## What you have to do
Return the records below in full. Keep every word exact and skip the images.

[Short text fragments from websites]

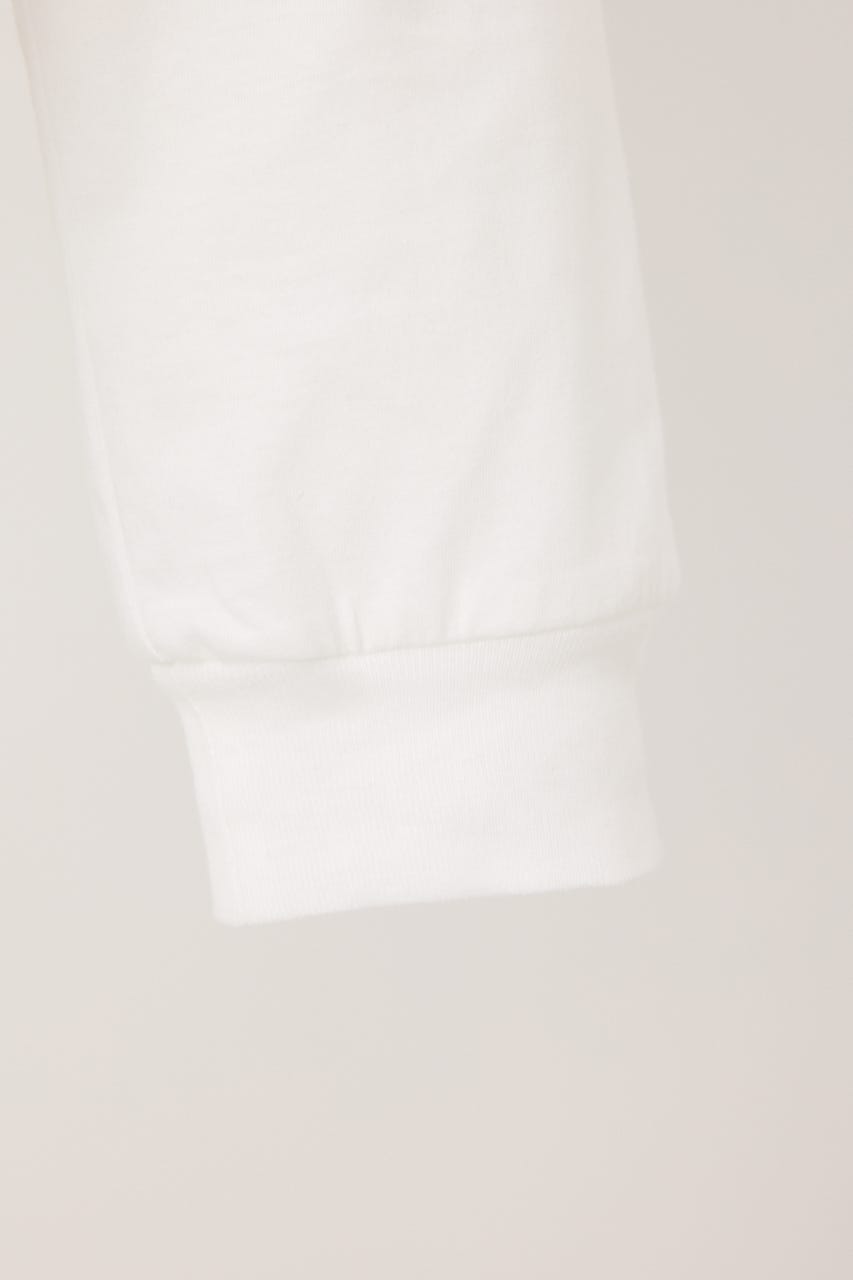 【GOOD ROCK SPEED】LIFE  ロングTEE WHT FREE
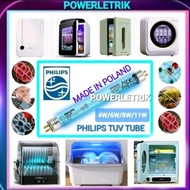 T5 TUV ULTRAVIOLET GERMICIDAL UV-C STERILIZER TUBE/ COBY T5 UV LIGHT G4-4W/G6-6W/G8-8W/G11-11W MADE 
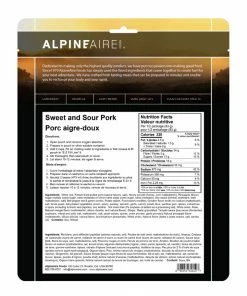 AlpineAire Sweet & Sour Pork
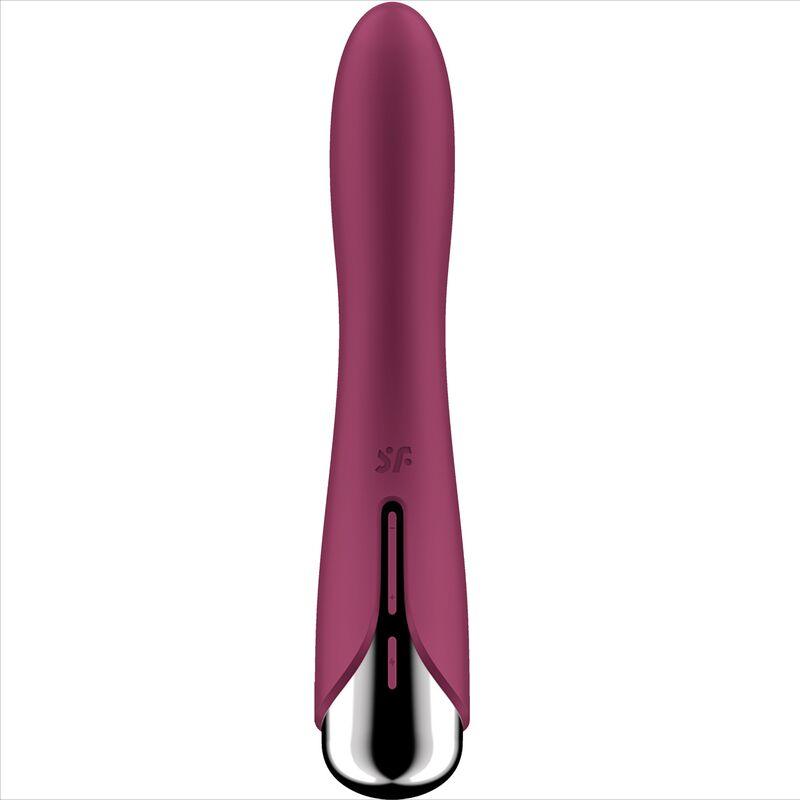 SATISFYER - SPINNING VIBE 1 VIBRADOR ROTADOR G-SPOT BEIGE - Optelum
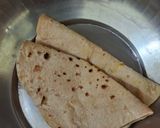 A picture of step 1 of Roti Laddu (Leftover Roti Ka Sweet Laddu).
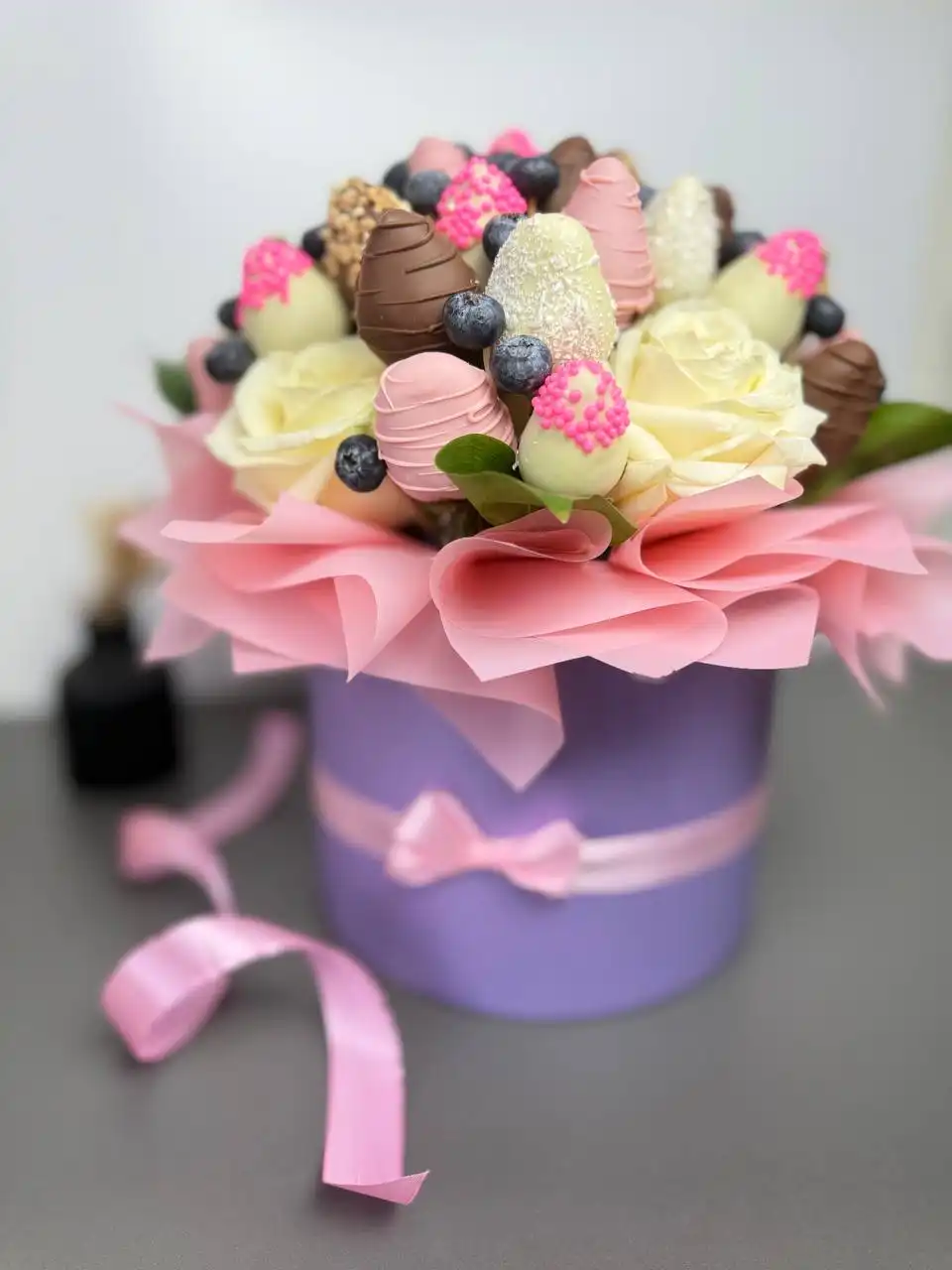 Прием заказов на съедобные букеты к 14 февраля - Кулинарные услуги (Услуги) в Сургут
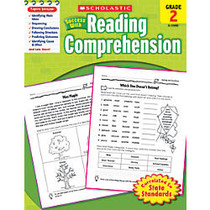 Scholastic Success With: Reading Comprehension Workbook, Grade 2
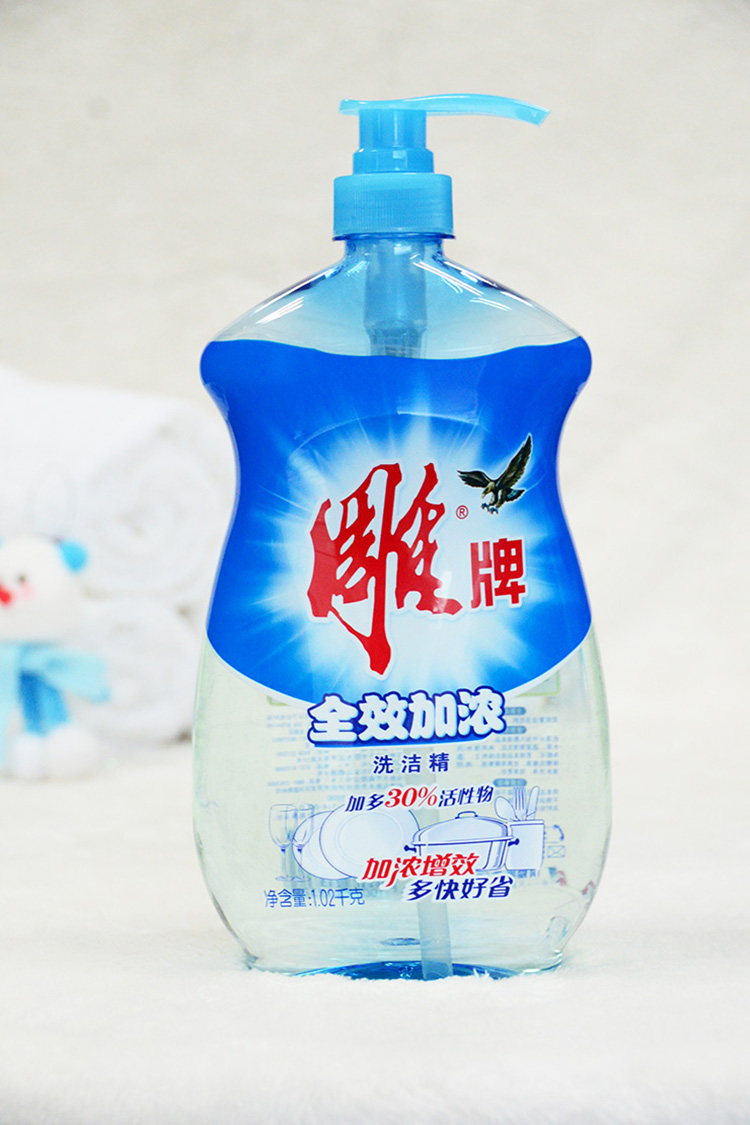 雕牌全效加浓洗洁精102千克瓶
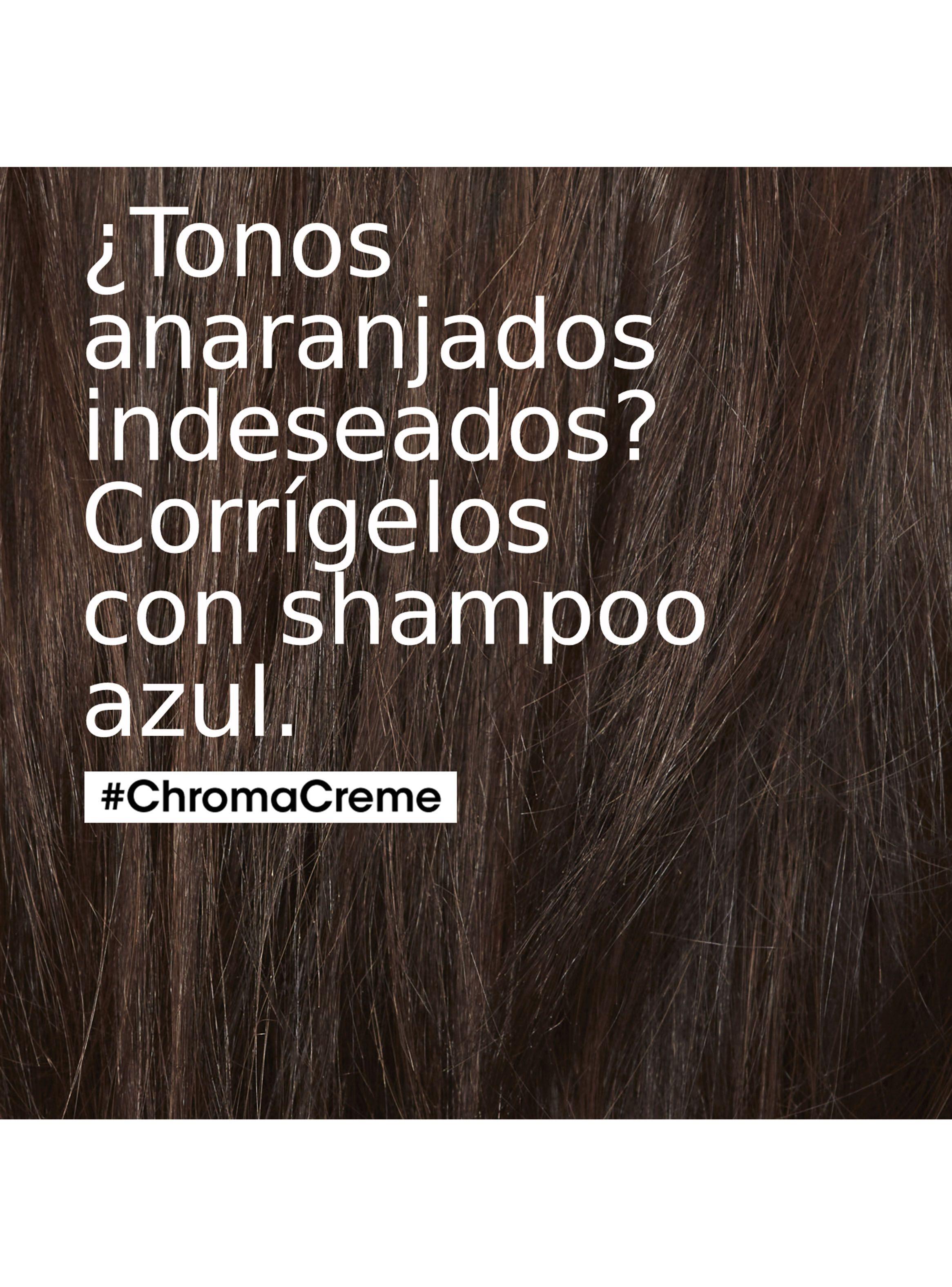 Shampoo Matizador Azul Chroma Crème Serie Expert 500 ml-2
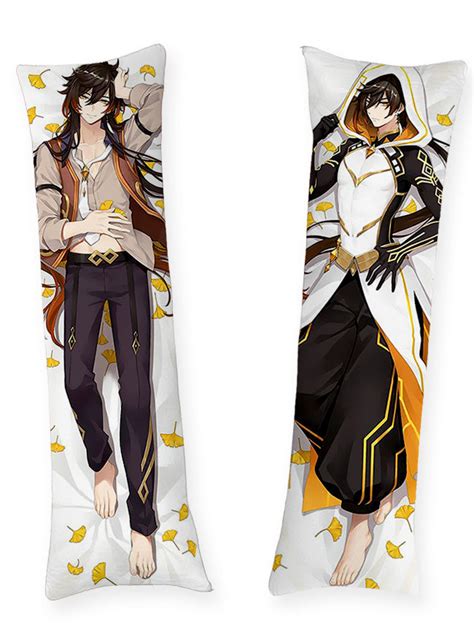 Best Zhongli Body Pillow Dakimakuras Anime Body Pillow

## Task solution
 【GOOD ROCK SPEED】LIFE  ロングTEE WHT FREE
 T5 TUV ULTRAVIOLET GERMICIDAL UV-C STERILIZER TUBE/ COBY T5 UV LIGHT G4-4W/G6-6W/G8-8W/G11-11W MADE 
 AlpineAire Sweet & Sour Pork
 SATISFYER - SPINNING VIBE 1 VIBRADOR ROTADOR G-SPOT BEIGE - Optelum
 A picture of step 1 of Roti Laddu (Leftover Roti Ka Sweet Laddu).
 Прием заказов на съедобные букеты к 14 февраля - Кулинарные услуги (Услуги) в Сургут
 Scholastic Success With: Reading Comprehension Workbook, Grade 2
 雕牌全效加浓洗洁精102千克瓶
 Shampoo Matizador Azul Chroma Crème Serie Expert 500 ml-2
 Best Zhongli Body Pillow Dakimakuras Anime Body Pillow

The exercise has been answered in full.